The paper Ethical Fashion: Myth or Future Trend? by Cathrin Joergens dives into the ethical implications of fast fashion. Through a study on consumer beliefs and attitudes toward ethical fashion consumption, Joergens explores how individuals make decisions about their purchases and how ethical transparency could change consumer behavior. The study reveals that ethics play a small role in consumer behavior; for this reason, brands lack the incentive to participate in ethical sourcing and growth because there is no opportunity for financial expansion. If consumers do not care about where their clothes are coming from or how the people making their clothes are treated, then there is no reason for companies to lose money to create a transparent, ethical supply chain and manufacturing process. This harsh reality is important in understanding the role of regulation and policy in the redevelopment of the fashion industry. Though Joergens highlights some important lessons in this study, there is greater analysis to be done on consumer behavior and its potential implications on the development of ethical and sustainable fashion. Together, these pieces of literature illuminate essential dimensions of the debate over creating and enforcing ethical, sustainable fashion practices; however, they ultimately fall short of explaining how these transformations could be implemented or legally enforced across a global industry.

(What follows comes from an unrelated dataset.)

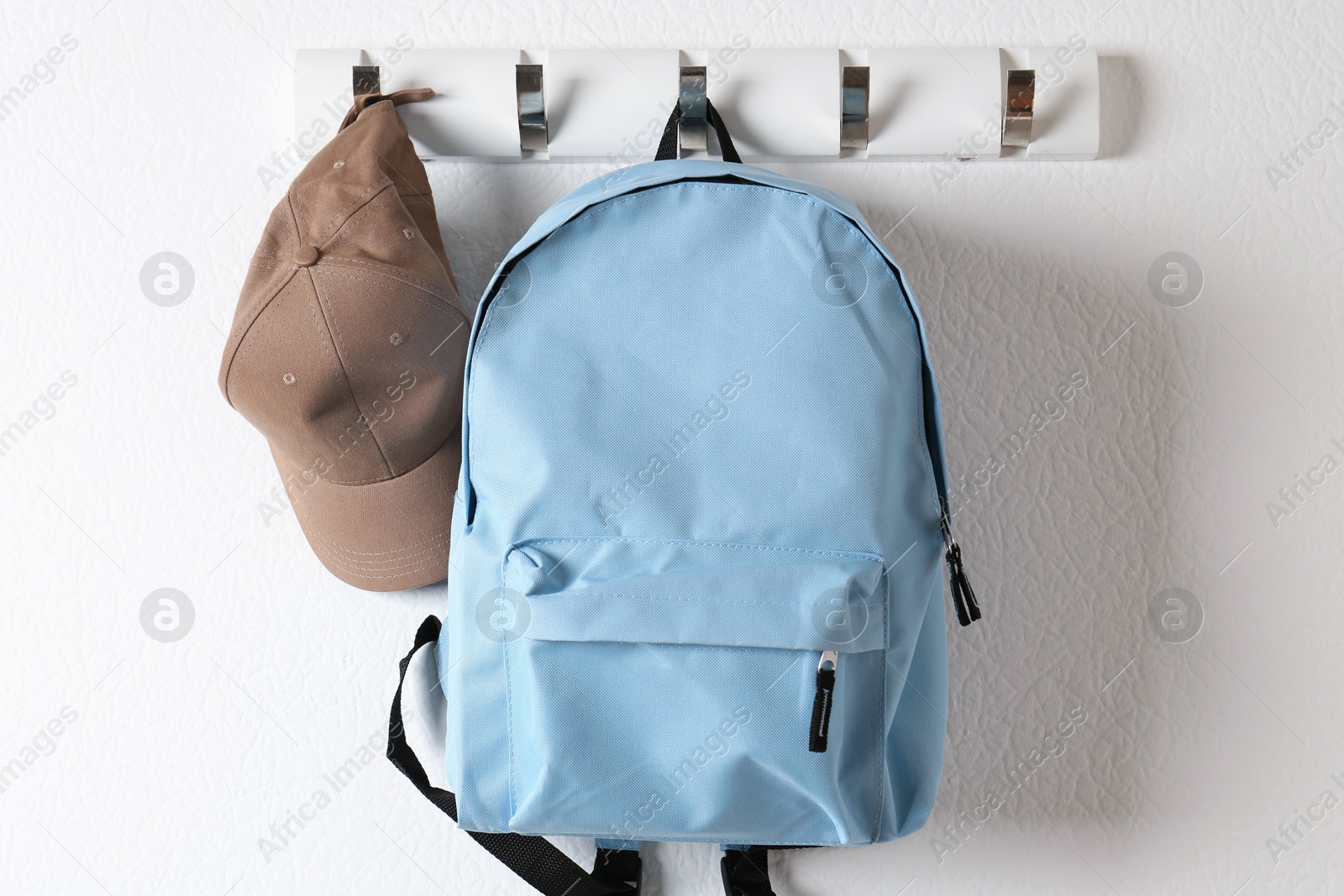 Photo of Light blue backpack and cap hanging on white wall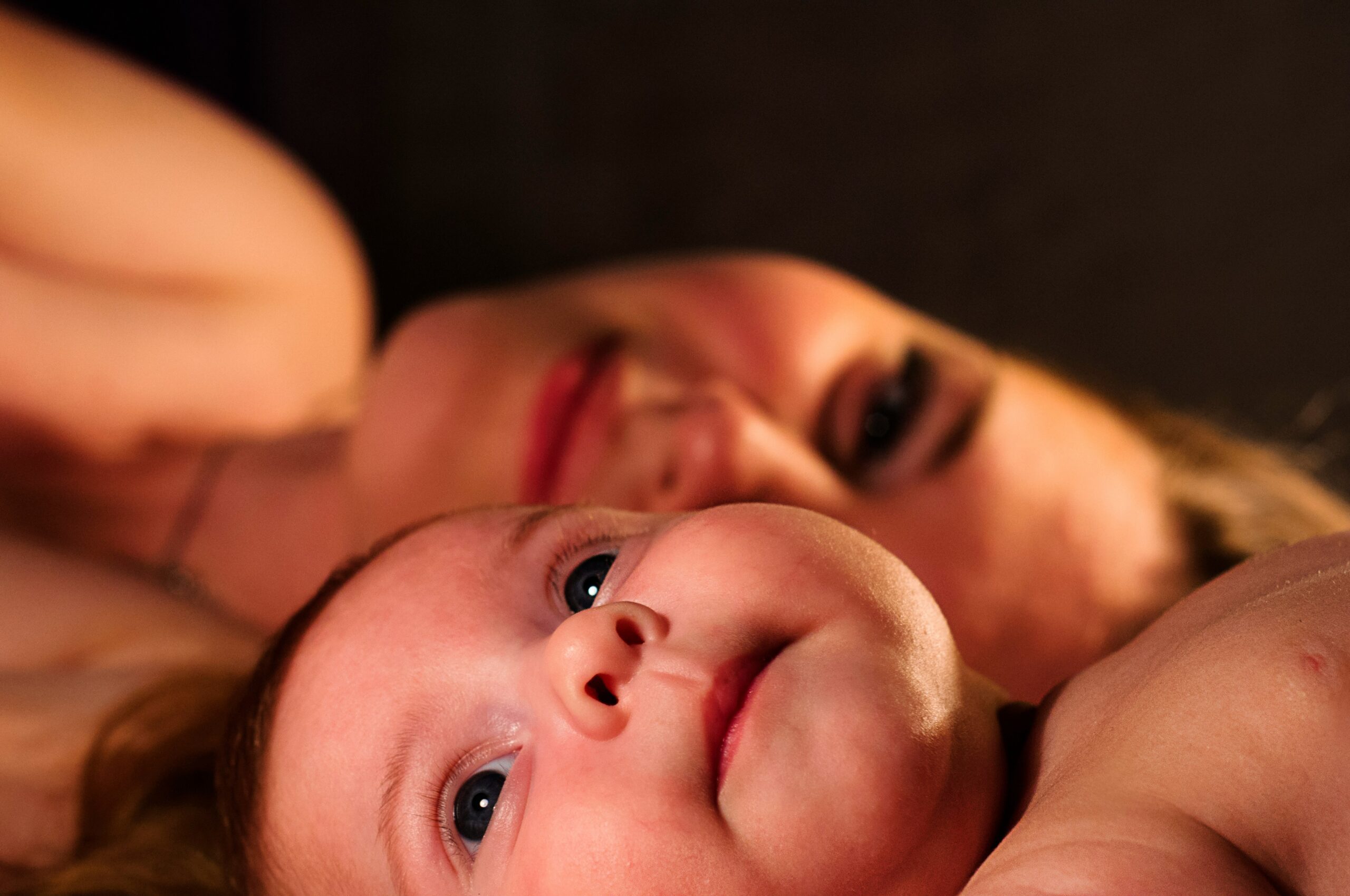 A close-up of a baby’s arm with a mild skin rash, showing red patches and irritation. The baby’s skin appears delicate and sensitive, highlighting the importance of proper care for common baby rashes.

  1. Methodology and Analytical Framework

The present article utilizes a qualitative political economy approach to analyze why global fast-fashion supply chains defy enforceable environmental and labor requirements. Since the fashion industry is not limited to one country, involving both state and non-state actors, this analysis focuses on social, political, and economic barriers that limit effective governance. The goal is not to display data about environmental harm or metrics on labor violations; rather, it is to explore structural incentives that encourage progress toward sustainable and ethical practices in the industry. This analysis comes together, drawing on three core categories of evidence: International policy tools, scholarly research, and case evidence. Only focusing on a data style would fail to encompass the breadth of information needed to conceptualize this international dilemma. Investigating progress through this range of resources mirrors the complexities of the fast fashion industry. This comparative analytical framework supports the exploration of political and economic restrictions, failures to regulate the market, and protect developing nations from exploitation. 

  1. Methodological Limitations

There are two main limitations in this topic. The first of which comes from the lack of transparency in the supply chains of multinational corporations. These supply chains are intentionally convoluted and complex, limiting the consumer’s capacity for investigation into where their clothes are being made. The second of these limitations comes from this paper’s lack of original interviews or studies; instead, it combines existing research to create a conceptual argument. 

  1. Analytical Contribution

Despite these constraints, this method creates a robust critique of existing systems, introducing the need for growth in the international regulatory framework. Understanding why sustainable fashion standards fail and what could make them enforceable requires the analysis of global governance structures, market behavior, and multinational corporate strategies. A qualitative approach centered around the political economy reveals these components supporting the central argument of the paper, that multinational corporations need enforceable requirements to encourage ethical and sustainable growth. 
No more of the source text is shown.